Après s’être avancés dans la direction du fleuve, ils enfilèrent à gauche une rue transversale, et marchèrent droit devant eux jusqu’au sentier qui menait à la colline de Cardiff. Ils firent un léger détour, comme pour éviter de passer près de la maison d’habitation d’un fermier surnommé le Gallois, maison située à mi-chemin de la pente, et continuèrent sans hésiter leur ascension. « Bon, pensa Huck, ils vont cacher le trésor dans la vieille carrière. » Mais, au lieu de s’arrêter à la carrière, ils poursuivirent leur route, gagnèrent le sommet de la colline et se perdirent dans l’obscurité d’une allée bordée d’épais buissons.

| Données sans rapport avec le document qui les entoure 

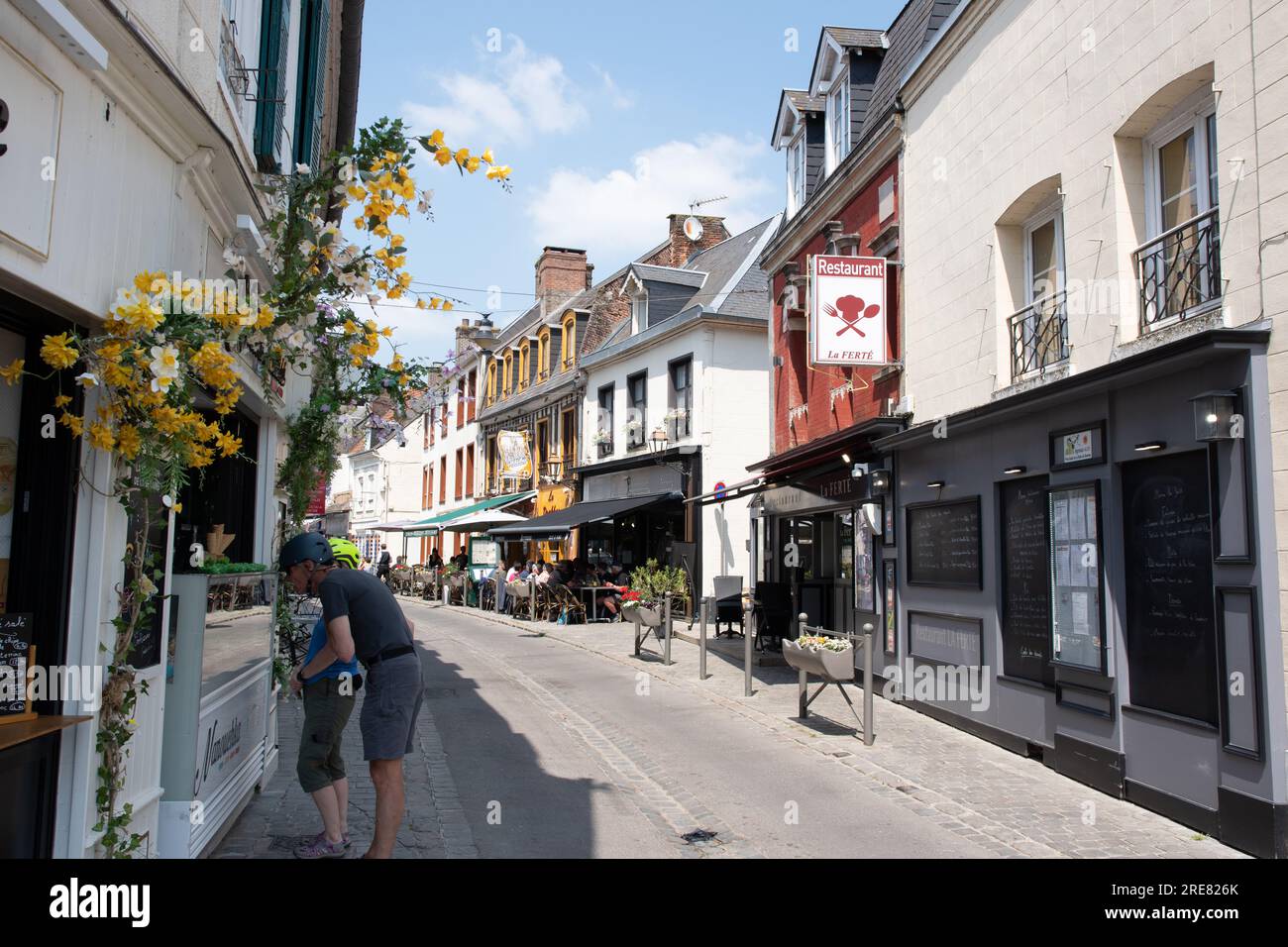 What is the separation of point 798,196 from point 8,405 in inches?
546

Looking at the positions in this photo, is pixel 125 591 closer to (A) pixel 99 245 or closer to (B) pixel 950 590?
(A) pixel 99 245

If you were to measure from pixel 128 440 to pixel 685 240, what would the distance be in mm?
25102

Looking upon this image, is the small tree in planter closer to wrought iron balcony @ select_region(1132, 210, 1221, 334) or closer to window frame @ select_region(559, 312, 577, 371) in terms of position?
wrought iron balcony @ select_region(1132, 210, 1221, 334)

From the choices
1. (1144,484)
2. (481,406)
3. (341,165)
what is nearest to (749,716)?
(1144,484)

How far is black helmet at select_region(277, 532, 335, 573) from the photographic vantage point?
5.04 meters

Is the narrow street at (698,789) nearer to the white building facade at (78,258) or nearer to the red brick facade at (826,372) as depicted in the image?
the white building facade at (78,258)

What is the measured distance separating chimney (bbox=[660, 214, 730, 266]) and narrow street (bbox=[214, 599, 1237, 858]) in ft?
59.7

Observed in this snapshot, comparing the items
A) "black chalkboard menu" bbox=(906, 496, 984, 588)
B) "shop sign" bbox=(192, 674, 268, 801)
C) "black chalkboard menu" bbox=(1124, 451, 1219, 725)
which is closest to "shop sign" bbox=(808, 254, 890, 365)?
"black chalkboard menu" bbox=(906, 496, 984, 588)

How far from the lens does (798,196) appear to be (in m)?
16.0

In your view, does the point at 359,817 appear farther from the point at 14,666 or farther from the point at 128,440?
the point at 128,440

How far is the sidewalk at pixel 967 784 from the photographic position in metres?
5.96

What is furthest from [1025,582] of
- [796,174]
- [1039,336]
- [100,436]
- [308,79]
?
[796,174]

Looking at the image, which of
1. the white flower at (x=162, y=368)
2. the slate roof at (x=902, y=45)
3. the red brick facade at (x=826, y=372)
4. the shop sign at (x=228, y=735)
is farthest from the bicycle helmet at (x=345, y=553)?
the slate roof at (x=902, y=45) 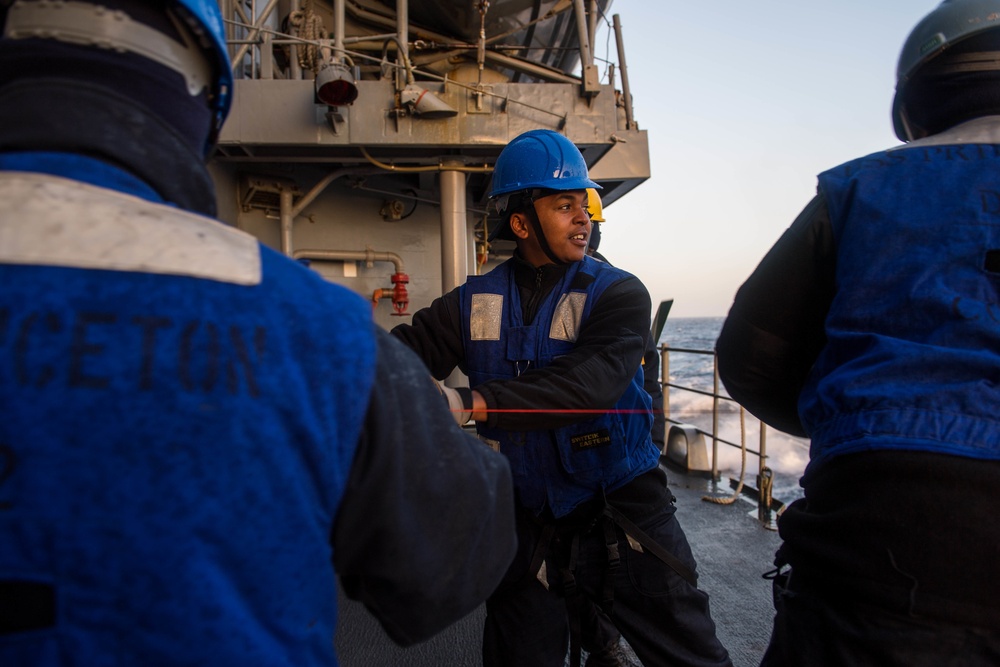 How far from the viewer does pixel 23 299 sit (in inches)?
21.9

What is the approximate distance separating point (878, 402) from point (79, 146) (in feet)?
4.39

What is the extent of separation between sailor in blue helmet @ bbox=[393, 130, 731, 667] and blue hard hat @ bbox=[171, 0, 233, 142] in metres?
1.13

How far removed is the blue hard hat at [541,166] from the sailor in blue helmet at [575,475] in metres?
0.17

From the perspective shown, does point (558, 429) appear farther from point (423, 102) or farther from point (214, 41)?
point (423, 102)

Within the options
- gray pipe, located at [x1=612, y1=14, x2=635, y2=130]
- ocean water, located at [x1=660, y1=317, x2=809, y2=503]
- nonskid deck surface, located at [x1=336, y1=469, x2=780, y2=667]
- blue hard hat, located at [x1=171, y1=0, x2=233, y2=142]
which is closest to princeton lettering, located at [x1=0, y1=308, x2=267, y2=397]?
blue hard hat, located at [x1=171, y1=0, x2=233, y2=142]

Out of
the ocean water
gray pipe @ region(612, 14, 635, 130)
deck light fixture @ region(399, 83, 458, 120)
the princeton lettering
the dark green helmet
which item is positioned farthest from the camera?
the ocean water

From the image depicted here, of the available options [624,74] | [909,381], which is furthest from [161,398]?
Result: [624,74]

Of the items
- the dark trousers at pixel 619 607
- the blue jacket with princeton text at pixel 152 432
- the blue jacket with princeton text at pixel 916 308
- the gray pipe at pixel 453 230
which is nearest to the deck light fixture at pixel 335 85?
the gray pipe at pixel 453 230

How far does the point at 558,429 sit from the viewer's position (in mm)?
1944

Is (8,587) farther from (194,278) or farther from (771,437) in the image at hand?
(771,437)

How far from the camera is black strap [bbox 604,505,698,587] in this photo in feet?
6.46

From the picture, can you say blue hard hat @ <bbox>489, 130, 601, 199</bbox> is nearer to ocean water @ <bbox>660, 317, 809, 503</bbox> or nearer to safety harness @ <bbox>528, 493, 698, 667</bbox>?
safety harness @ <bbox>528, 493, 698, 667</bbox>

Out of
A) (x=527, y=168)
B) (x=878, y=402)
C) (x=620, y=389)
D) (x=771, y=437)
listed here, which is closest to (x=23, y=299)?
(x=878, y=402)

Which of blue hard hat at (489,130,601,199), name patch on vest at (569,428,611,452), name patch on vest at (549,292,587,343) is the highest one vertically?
blue hard hat at (489,130,601,199) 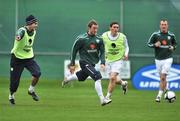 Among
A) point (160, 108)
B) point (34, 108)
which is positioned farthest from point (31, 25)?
point (160, 108)

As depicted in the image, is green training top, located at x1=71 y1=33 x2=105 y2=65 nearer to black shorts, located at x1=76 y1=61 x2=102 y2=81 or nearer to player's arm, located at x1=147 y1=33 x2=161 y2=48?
black shorts, located at x1=76 y1=61 x2=102 y2=81

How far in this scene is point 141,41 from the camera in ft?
103

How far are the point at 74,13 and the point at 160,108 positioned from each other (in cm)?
1207

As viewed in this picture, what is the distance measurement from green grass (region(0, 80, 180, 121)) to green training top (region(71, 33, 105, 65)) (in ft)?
4.17

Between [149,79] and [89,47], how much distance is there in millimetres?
7630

Huck abrégea la distance qui le séparait d’eux, certain qu’on ne pouvait pas le voir. Il finit par ralentir le pas, craignant de s’être trop rapproché, et s’arrêta pour écouter. Tout bruit de pas avait cessé. Le cri néfaste d’un hibou résonna. La partie était-elle perdue ? Il allait s’élancer, quand on toussa à quelques pieds de lui. Il trembla, cela va sans dire ; mais il ne tarda pas à se remettre de son effroi et même à se féliciter.

— J’aurais dû deviner plus tôt, se dit-il. Ils sont à cinq pas de la porte à claire-voie qui donne dans le jardin de la veuve. C’est là qu’ils vont enterrer le trésor et nous n’aurons pas de peine à le dénicher. Tom sera content de moi. Au bout d’une minute ou deux une voix, qui parlait très bas, dit :

— Que la peste l’étouffe ! La veuve a encore eu du monde à dîner, les fenêtres du salon sont éclairées.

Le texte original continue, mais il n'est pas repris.